Pero  desde esas primeras visitas profesionales a la tierra de su progenitor, que él tan bien conocía, además de subir por San Cristóbal para mirar desde lejos la atalaya musulmana, Leopoldo acostumbraba a detenerse en la Plaza de la Catedral, a contemplar la altura de siglos de la piedra aprovechando la luz de las mañanas para trazar dibujos y plasmar fotografías de sus aledaños: de la calle del Cubo, donde cayó muerto a aquel José Burgos Coronel, abuelo de la escritora Colombine, por un turbio asunto de contrabando; del Sol de Villalán, aquel obispo impulsor del templo, a quien el arzobispo Avalos acusaba de llevar una vida disoluta en la alejada Almería y de vender esclavos moriscos para pagar las obras de cantería; de las casas burguesas que había frente a la Puerta de los Perdones. Una de ellas, con pórtico de columnas, donde hoy está la Librería Pastoral, fue sede del Santo Oficio en Almería, hasta que quedó abolido el Tribunal de la Inquisición en España en 1834. Había un pasadizo subterráneo entre esa casa de la calle Velázquez y la propia Catedral, como quedó patente cuando un camión hundió su rueda en las obras que se hicieron en la calle en los años 60. En esa misma vivienda señorial recreada por Balbás, vivió después el intrépido Eusebio Buendía Córdoba, un empresario minero con criaderos de oro en Rodalquilar y accionista de Talleres de Oliveros por herencia de Antonio Oliveros Ruiz y de Matilde Córdoba Rueda. Por dos veces quedó viudo, de Tomasa Fernández Idáñez, en 1908, y de Maravillas Domene Cano, en 1924, y terminó emigrando con sus hijos a Barcelona. Al lado estaba la casa de doña Lola, haciendo esquina con  General Castaños, junto al edificio de Los Pulpitillos y la torre mudéjar de la Iglesia de las Puras, a la que las monjitas siempre han llamado El Miramar.

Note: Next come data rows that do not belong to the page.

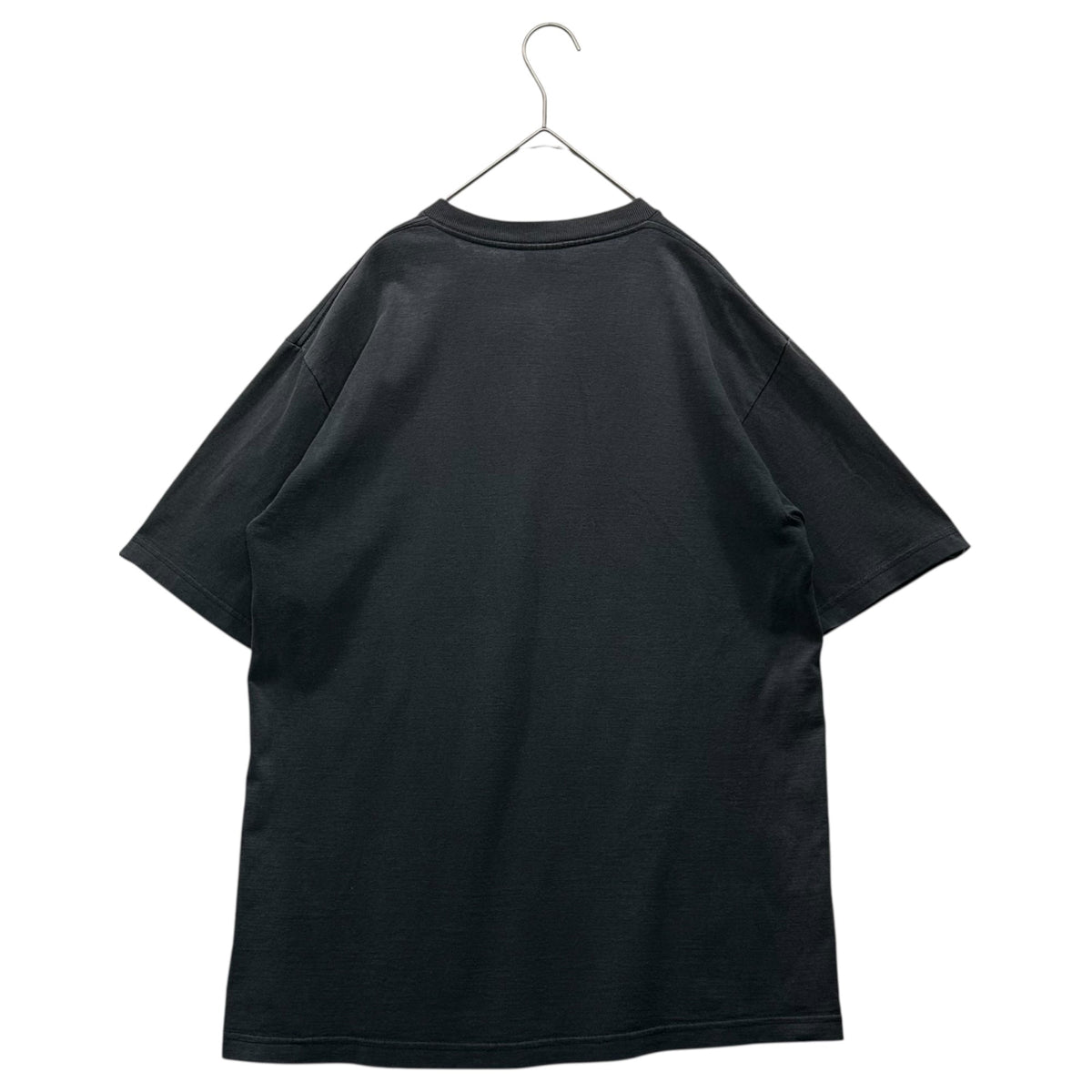 STUSSY 00s Car Graphic Logo Print T-Shirt Navy Size M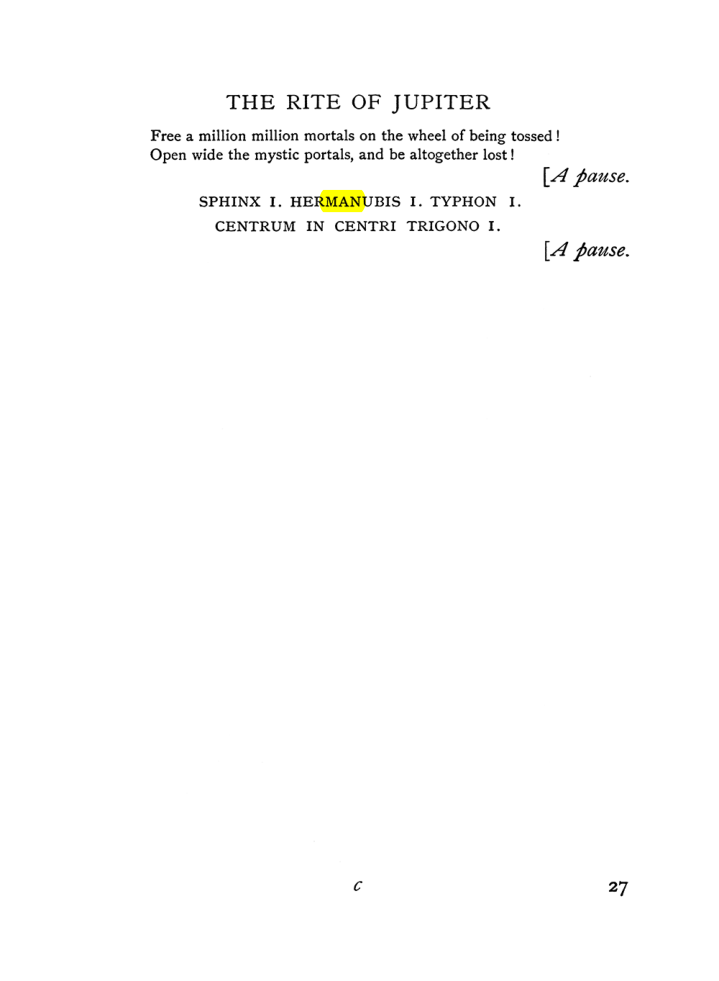 Original scan of The Equinox (Volume I, Number VI), PDF page 207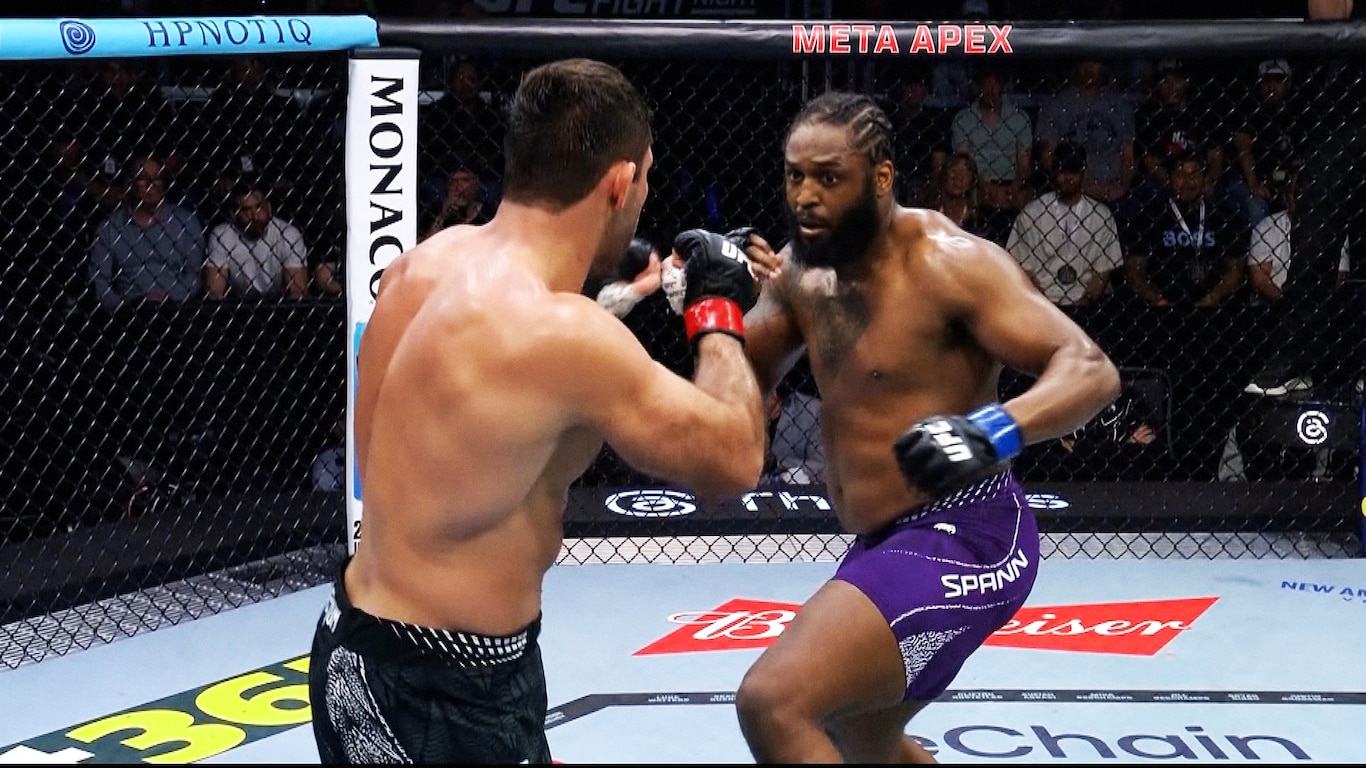 UFC Fight Night - Sterling vs Zalal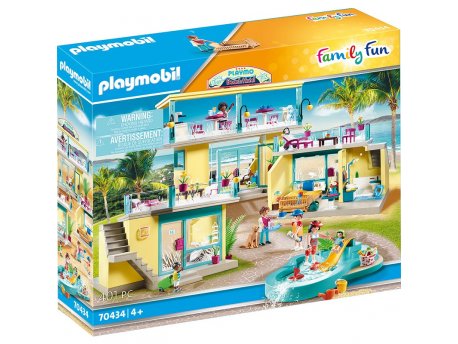 PLAYMOBIL Family Fun Hotel na plaži 30701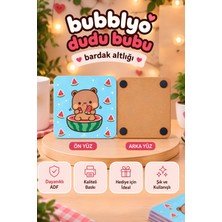 Dudu Bubu Bardak Altlığı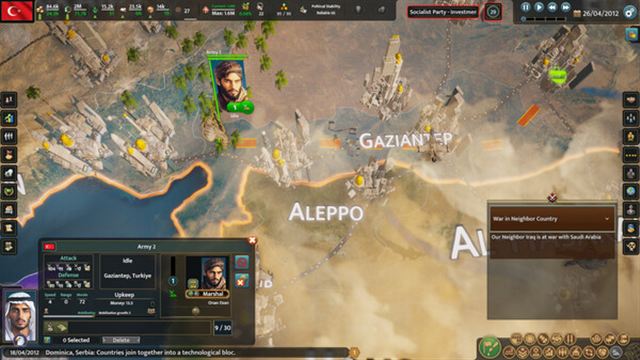 Hình ảnh trong game Realpolitiks 3 Earth and Beyond Early Access Hình ảnh trong game Realpolitiks 3 Earth and Beyond Early Access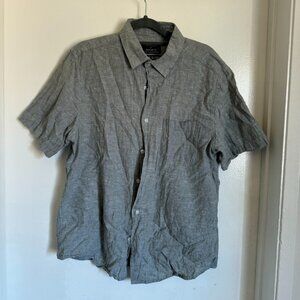 Linen short sleeve men's shirt from Primark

En la Plaza Granero se detenía también Balbás, se sentaba en un bordillo y fotografiaba y tomaba notas del antiguo pósito de grano, hoy de la familia Amérigo, y de la esplendorosa casa de Carmen Ruz, al lado de donde nació aquel niño que emigró a La Argentina, Manuel García Ferre, que adquirió fama mundial dibujando historias para niños. También dejó constancia  Balbás de las viviendas desparecidas en la Casa de los Puche. Pero donde más paz hallaba -según sus propias palabras sacadas de su diario  depositado en el Patronato de la Alhambra junto a sus fotos- fue cuando descansaba en una de las esquinas de esa espaciosa Plaza, donde hoy flota la cabeza de bronce de Ventaja, que era y es como el kilómetro cero de la cristiandad almeriense. 



Allí se dejaba subyugar el arquitecto por la altura de la portada de Juan de Orea, intuyendo el silencio del claustro interior, viendo las estriadas columnas corintias junto a la que se sentaban a matar el tiempo muchachos con gorra y pantalón corto. Allí estaba también la arboleda desaparecida, la fuente de mármol y las jardineras, frente a la Casa del Obispo como fielato. Era esa la Plaza que veía entonces Balbás, la misma en la que jugarían interminables partidos de fútbol con el bocadillo en la mano los alumnos del Diocesano, la misma que atravesaban y atraviesan con recogimiento tantas mujeres camino de Misa de  12, y la que una vez se llenó de arena y de tanques para rodar una película de Guerra, la misma que sobrevuelan palomas que siempre encuentran a algún anciano que les echa unas migas de pan y que se espantan cada hora cuando tañen las campanas, la misma donde siguen pegando balonazos los niños contra las cabezas de leones de la pared, sobre los restos de orines de la última madrugada y la misma que se llena de selfies en Navidad cuando el Ayuntamiento sorprende con alguna bola gigante o algún túnel luminoso.